▶ **Collected material**

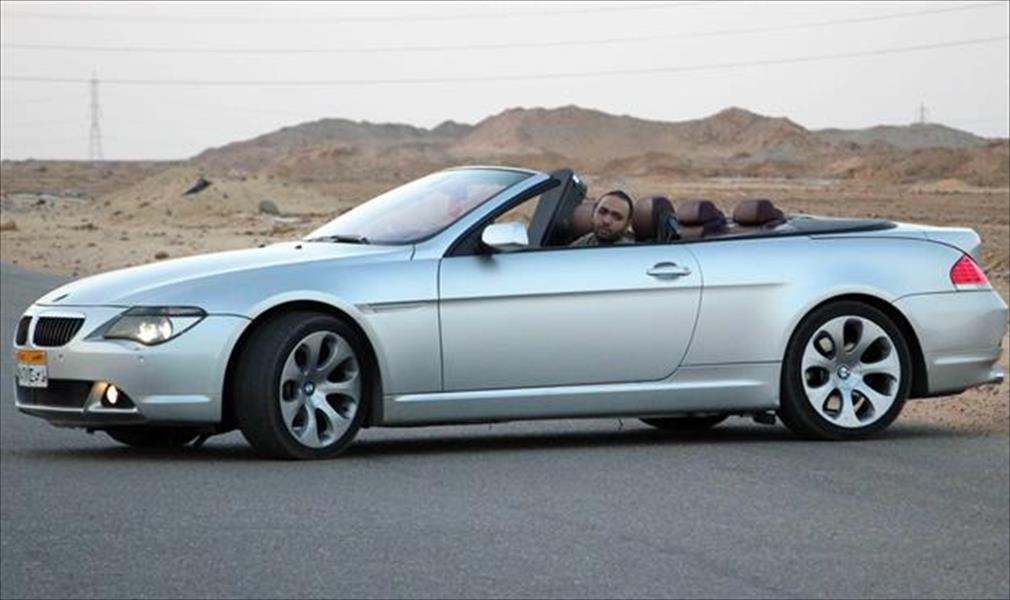 محمد علاء يطرح «نسيت الإحساس»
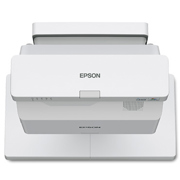 Zoom Image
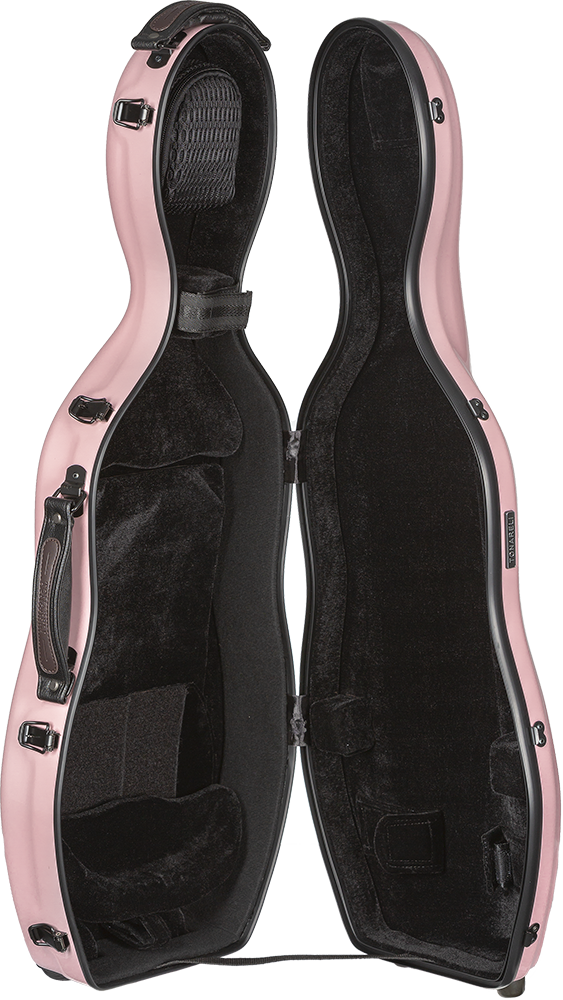 TONARELI VA FB SHAPED WHEELS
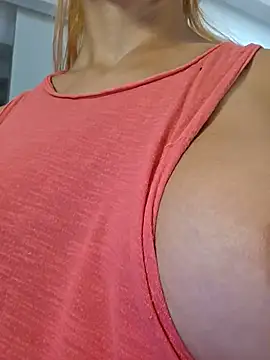kylie_blck webcam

▶ **Try it**
Give back the material word for word and drop the pictures it holds.

▶ **Exercise answer**
 محمد علاء يطرح «نسيت الإحساس»
 Zoom Image
 TONARELI VA FB SHAPED WHEELS
kylie_blck webcam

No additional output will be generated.